### What to produce
The required output is the stretch from the line containing "210 University Ave E, Gooding, ID 83330" through the line containing "3 bedroom link" in the records below, unaltered and with no pictures.
*** Provided data ***
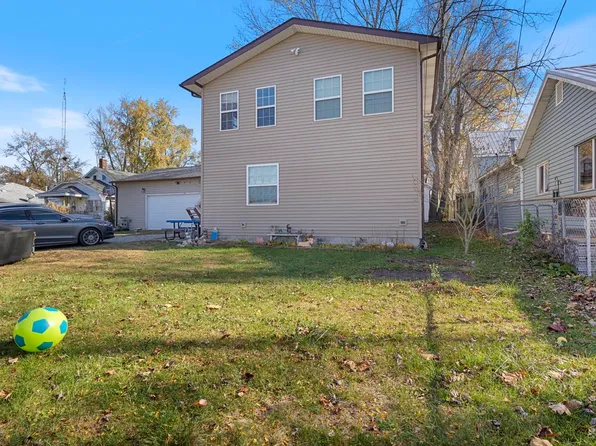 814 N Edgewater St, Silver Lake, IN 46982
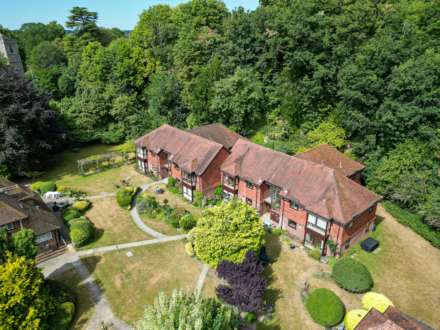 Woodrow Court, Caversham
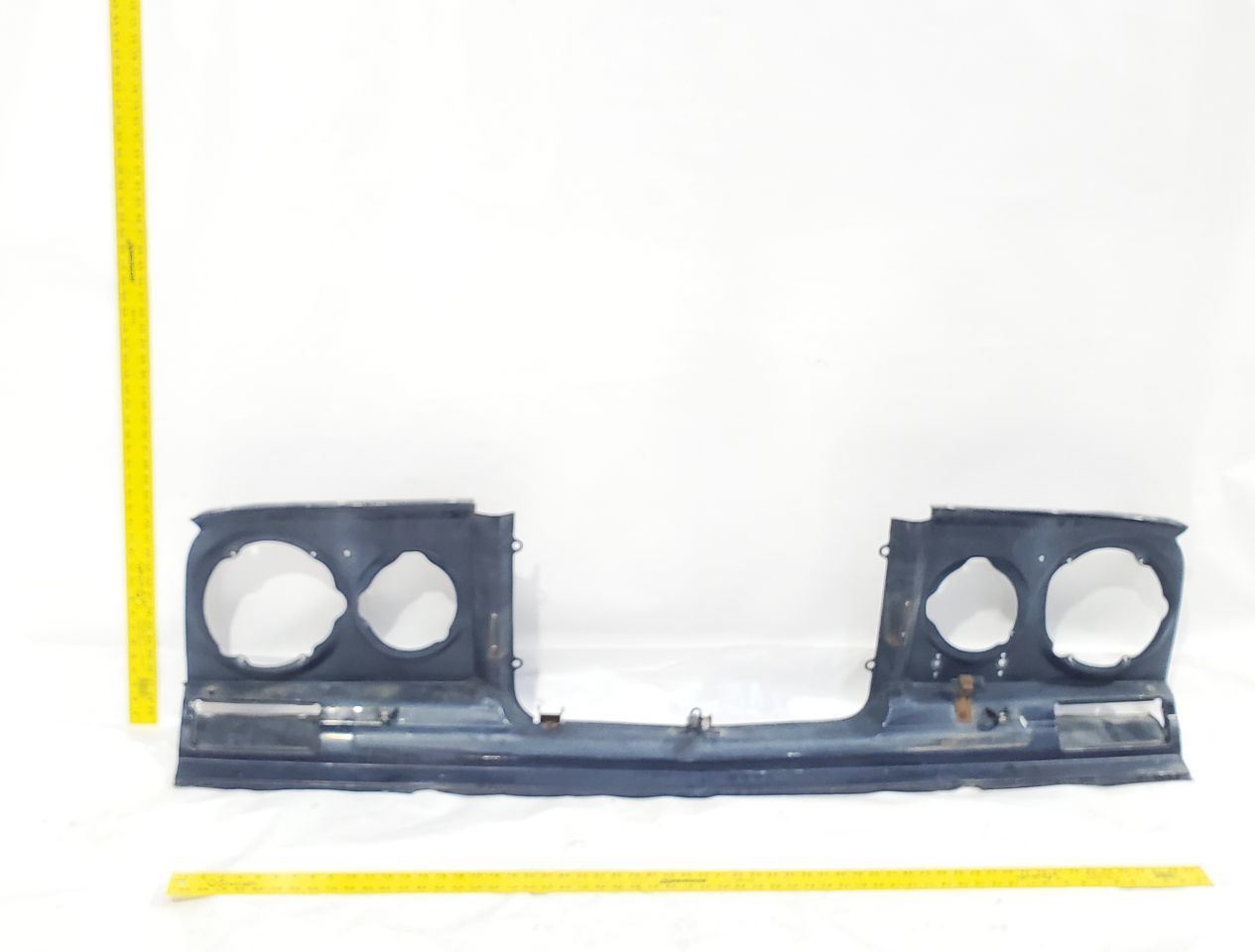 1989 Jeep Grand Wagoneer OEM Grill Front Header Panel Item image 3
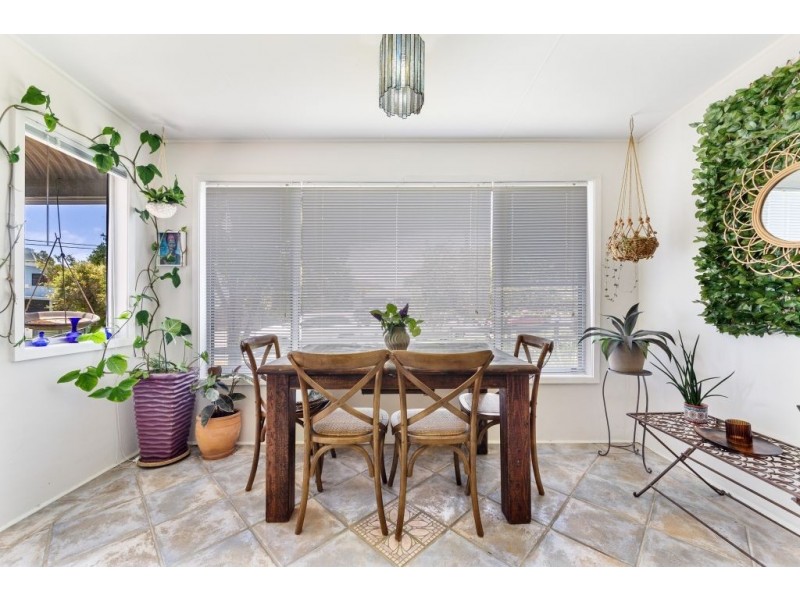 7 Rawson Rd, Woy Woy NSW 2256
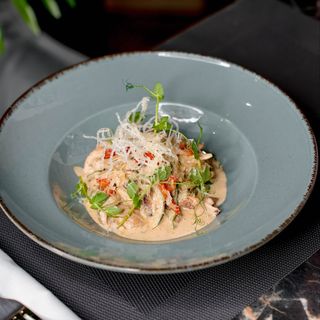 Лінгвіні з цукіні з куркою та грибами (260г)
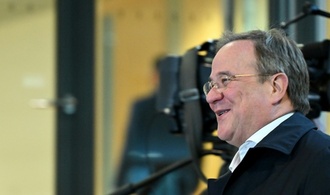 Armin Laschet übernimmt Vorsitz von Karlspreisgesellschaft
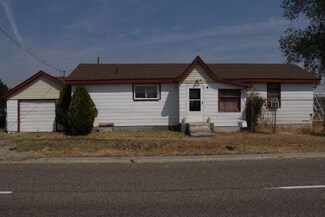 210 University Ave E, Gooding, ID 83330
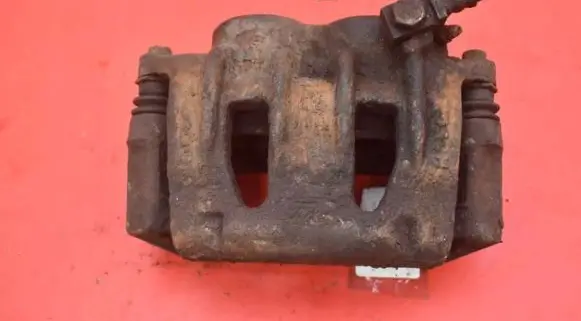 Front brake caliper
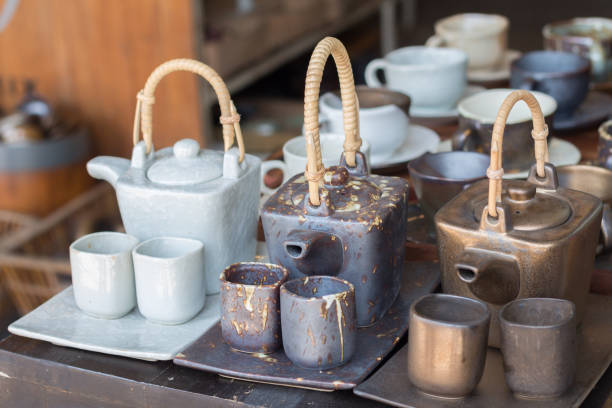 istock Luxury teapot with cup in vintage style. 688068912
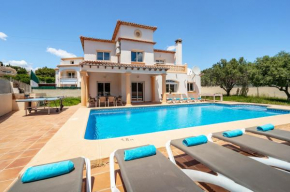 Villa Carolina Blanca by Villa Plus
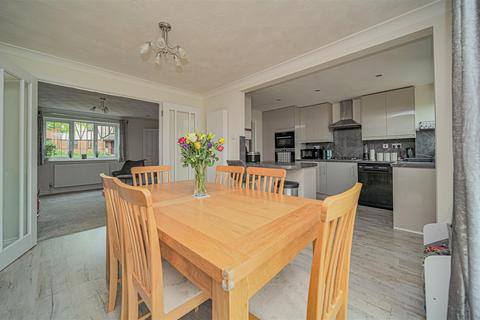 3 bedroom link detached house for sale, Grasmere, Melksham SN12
***
*** Provided data ***
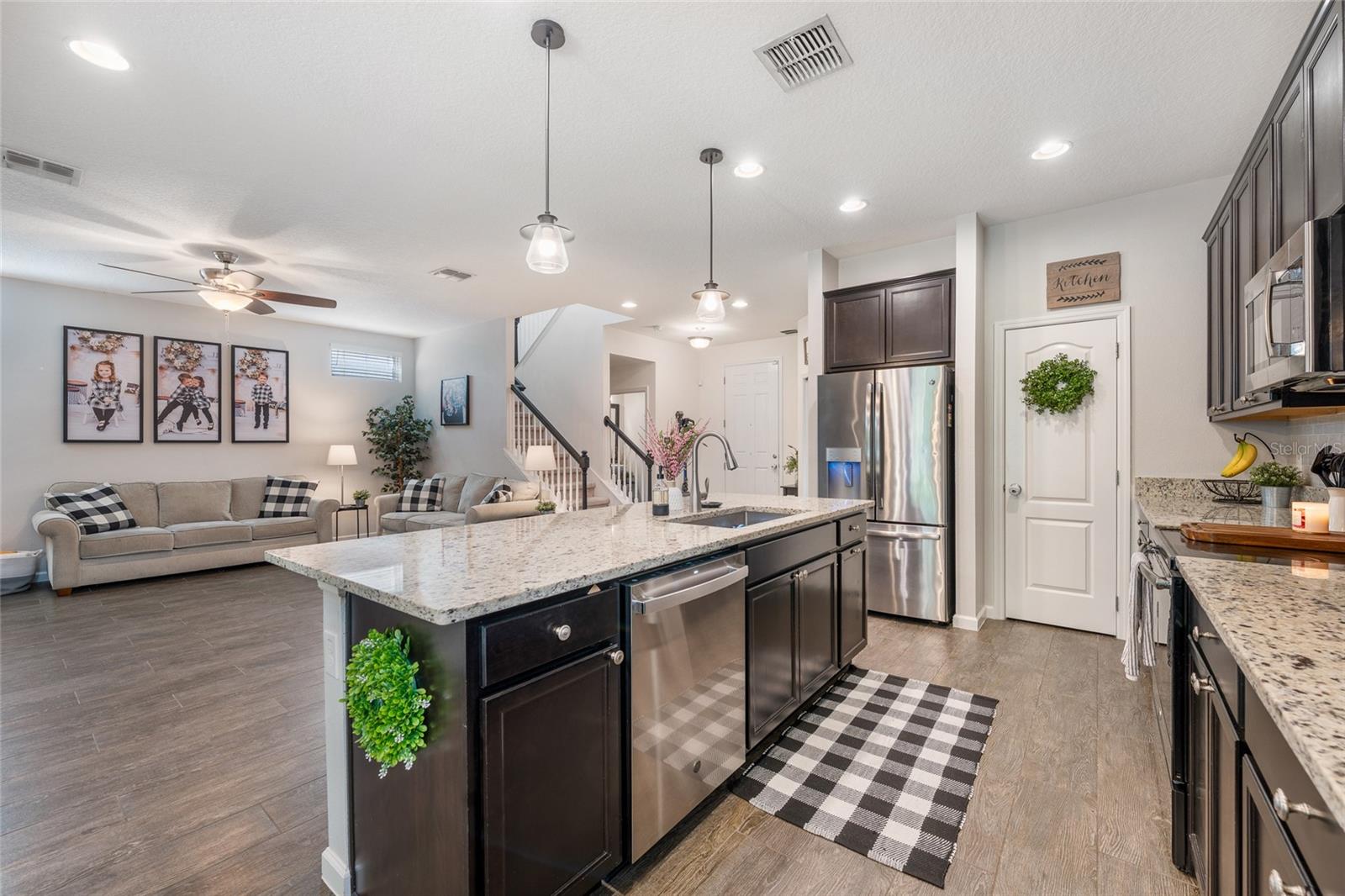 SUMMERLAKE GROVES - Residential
***
### Answer to this exercise
 210 University Ave E, Gooding, ID 83330
 Front brake caliper
 istock Luxury teapot with cup in vintage style. 688068912
 Villa Carolina Blanca by Villa Plus
 3 bedroom link detached house for sale, Grasmere, Melksham SN12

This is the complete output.